$S$ is an order relation if and only if:
- $S$ is reflexive, so $(a,a) \in S$
- $S$ is anti-symmetric. This is not the same as not symmetric! Rather, you need to prove that if both $(a,b) \in S$ and $(b,a) \in S$ then $a=b$.
- $S$ is transitive, so if $(a,b) \in S$ and $(b,c) \in S$, then $(a,c) \in S$.
Since $a$ and $a$ have the same number of prime factors and $\left| a - \frac{100}{3} \right| = \left| a - \frac{100}{3} \right|$, $S$ is reflexive.
$(a,b) \in S$ and $(b,a) \in S$ imply $\left| b - \frac{100}{3} \right| \leq \left| a - \frac{100}{3} \right|$ and $\left| a - \frac{100}{3} \right| \leq \left| b - \frac{100}{3} \right|$, so $\left| a - \frac{100}{3} \right| = \left| b - \frac{100}{3} \right|$, so $a - \frac{100}{3} = b - \frac{100}{3}$ or $a - \frac{100}{3} = \frac{100}{3}-b$. This means $a=b$ or $a=\frac{200}{3}-b$, but the latter can't be satisfied by positive integers $a,b$, so $a=b$. Therefore $S$ is anti-symmetric.

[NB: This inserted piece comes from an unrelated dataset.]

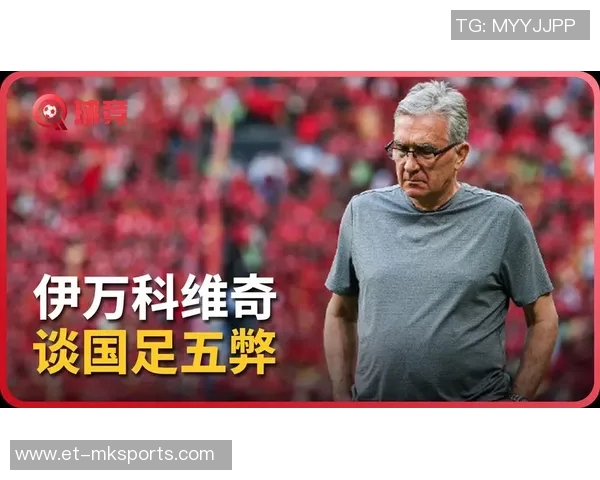 伊万谈中国执教经历:指球员缺乏激情、青训存问题,赞中国领先欧洲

If $a$ and $b$ have the same number of prime factors and $b$ and $c$ have the same number of prime factors, clearly $a$ and $c$ also have the same number of prime factors. Also $\left| a - \frac{100}{3} \right| \leq \left| b - \frac{100}{3} \right|$ and $\left| b - \frac{100}{3} \right| \leq \left| c - \frac{100}{3} \right|$, so $\left| a - \frac{100}{3} \right| \leq \left| c - \frac{100}{3} \right|$. Hence $S$ is transitive.